Separate ways, worlds apart
"Although the division of Germany isn't something I experienced, I would never go to East Berlin, for example. I also have friends from the East who would never contemplate moving to Wilmersdorf or Charlottenburg," Hühmer says, naming two upscale neighborhoods in Berlin's West.
Nearly 30 years after the fall of the Berlin Wall, the two halves of the city and country continue to exist even among the younger generation who were born in reunified Germany. Why hasn't the post-Wall generation managed to shake itself free from this East-West division?
A study by the Center for Social Research at the Martin Luther University of Halle-Wittenberg tried to find answers. Authors Everhard Holtmann and Bernd Martens came to the conclusion that "East Germany lives on even among those who were never able to experience it themselves."
This applies not only to the young generation who grew up in Germany's East after the fall of the Berlin Wall and have been influenced by the stories of their parents and grandparents. In the West, too, family memories of the division live on.
"My father always talks about the harassment on the inner-German border when he traveled from West Berlin to Bavaria through East German territory," Hühmer recalls. The border guards made a big show of searching the car's trunk, he explains, and kept him waiting a long time.
In the present day East, on the other hand, parents' and grandparents' rosy recollections are passed on to the post-reunification generation. "When compared to daily life today, East Germany does relatively well," the Center for Social Research study author Everhard Holtmann told the weekly newspaper Die Zeit.
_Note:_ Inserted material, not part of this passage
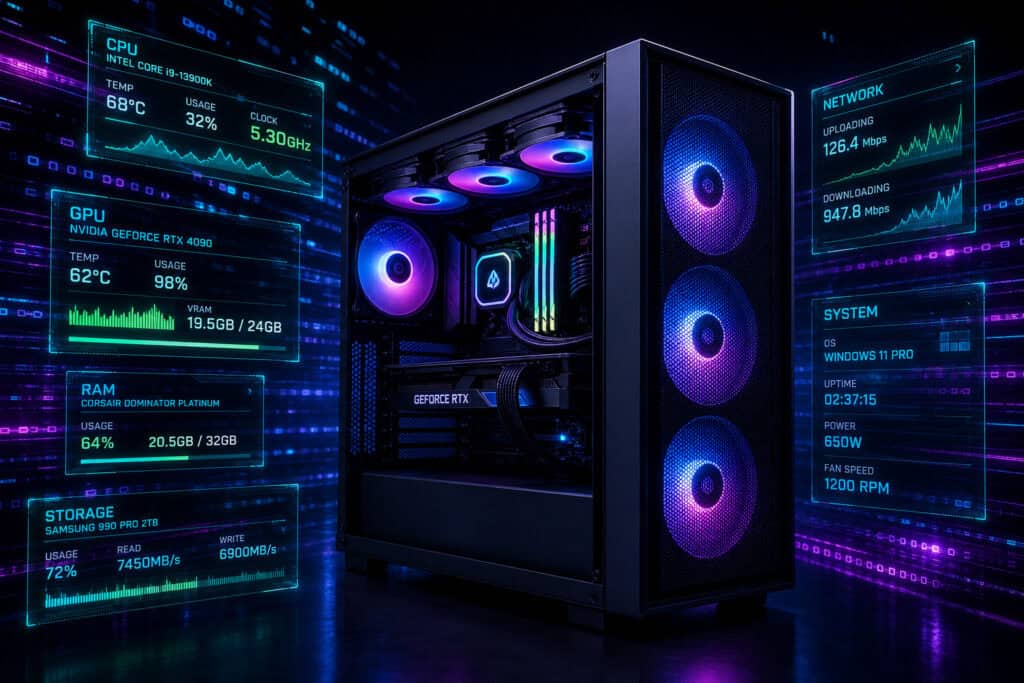 Modern gaming computer with RGB fans and detailed system monitoring displays, showcasing high-end hardware components and vibrant lighting effects.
The younger the respondents, the more detached their view of former East Germany becomes from reality. The generation born after reunification can't imagine life in a non-democratic state, unlike their parents and grandparents, the study says, explaining that "there is a certain romanticization of East Germany."
Rose-colored glasses
Natalie Oikova, born in eastern Berlin in 1995, also observes these nostalgic feelings in her parents. Her father came from Bulgaria in 1989 to work in East Berlin as a dental technician, just as East Germany was disintegrating. Her mother followed two years later.
"My parents have long been raving about the close-knit community they had in Bulgaria, and they were positive about how people dealt with one another nicely, as socialists," she says. "The Bulgaria my parents knew is long gone. People have changed enormously in the last 30 years."
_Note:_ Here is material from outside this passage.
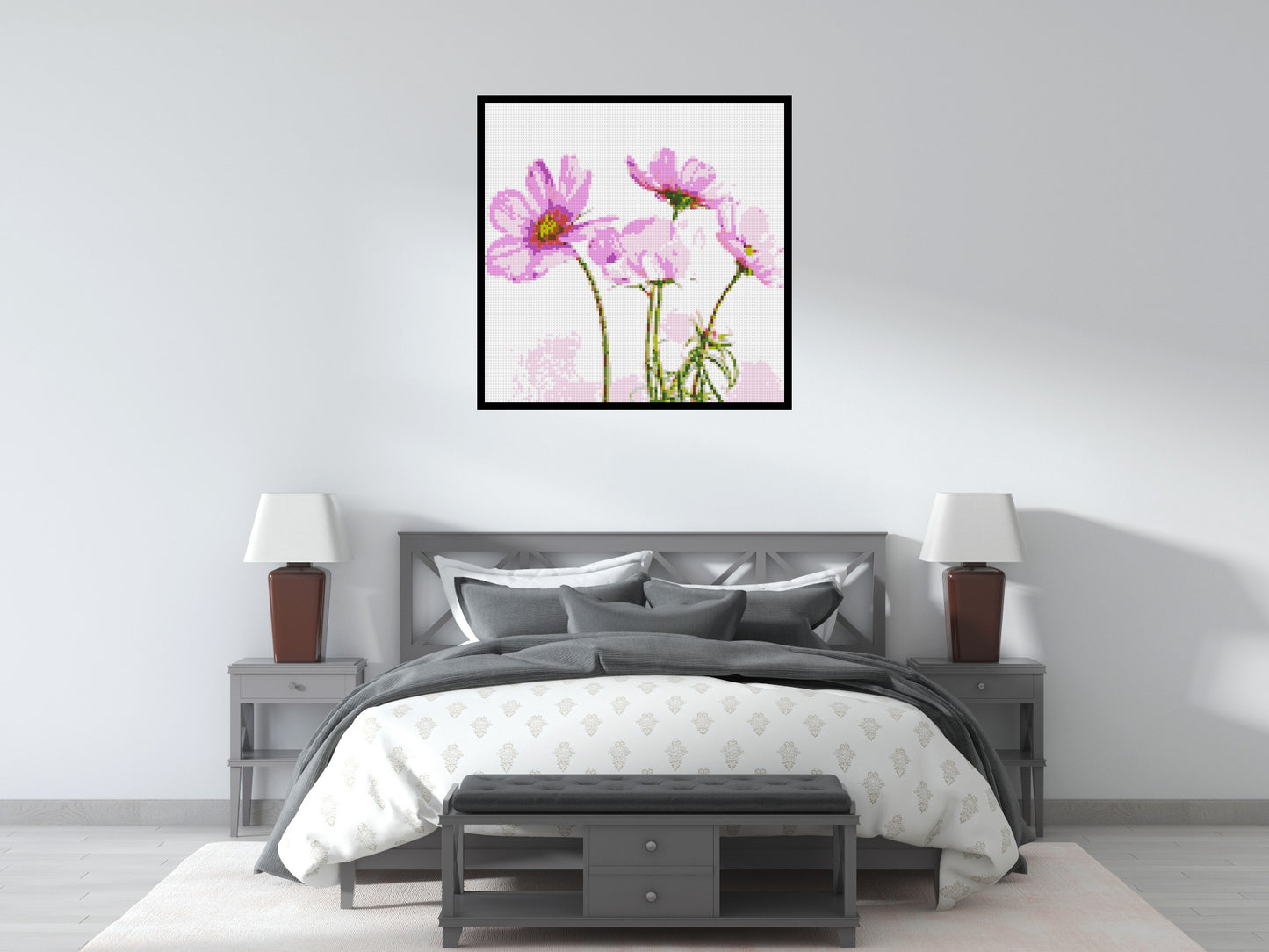 Pink Cosmea - Brick Art Mosaic Kit 5x5 large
Even though she has attended celebrations for the Day of German Unity at Berlin's Brandenburg Gate several times, the 22-year-old theater student sees herself as a Berliner, not as a German or a Bulgarian. "I prefer to define myself in terms of a city rather than a whole country," Oikova said.
Mental barriers
But that makes no difference – because to a Berliner, the signs of the division are everywhere. As soon as she says she's at home in Kaulsdorf, the Wall is back. The neighborhood is in the district of Marzahn-Hellersdorf – which, with its communist-era prefabricated apartments, is a symbol of East German domestic culture.
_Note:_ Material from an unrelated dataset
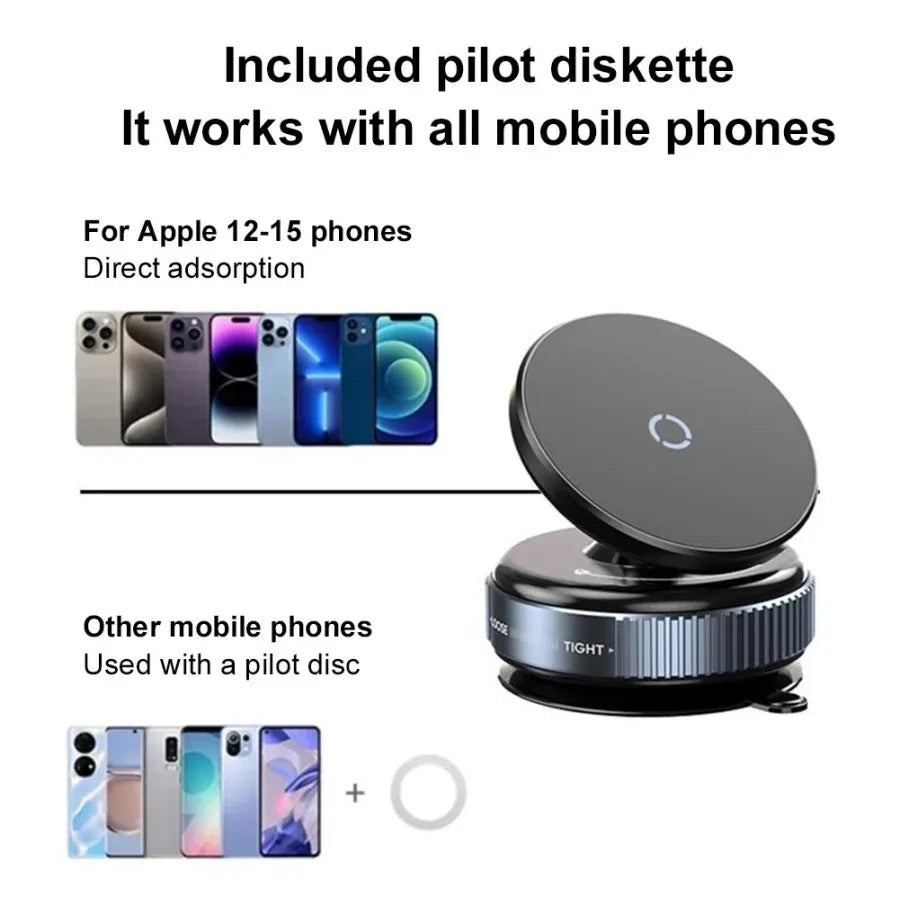 Magnetic Suction Phone Mount 360° Adjustable Vacuum Foldable Phone Holder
But the invisible Wall stretches far into the West, as well. Michel Brandt is often reminded of Germany's divided past. The young politician and actor comes from Karlsruhe, near the French border. He won a seat in parliament in the September elections, standing for the Left Party.
During the election campaign, he was shouted down at events as a member of the "Berlin Wall murderers' party."
"Whenever they come to a halt in the political discussion, they play the SED card," the 27-year-old says, annoyed. His far-left party succeeded the Party of Democratic Socialism (PDS) in 2007, which in turn was the renamed former East German ruling party, the SED (Socialist Unity Party of Germany).
A celebration of nonviolence
The new parliamentarian has never celebrated the Day of German Unity. He probably belongs to a majority of the population in Germany who are happy about reunification, but prefer to mark October 3 privately.
For Clemens Hühmer the symbolic meaning is decisive. "I think it is important for Germany that October 3 is the national holiday," he says. "People always say everything drifts apart, but German reunification largely happened without violence and is a positive example that things don't have to be that way."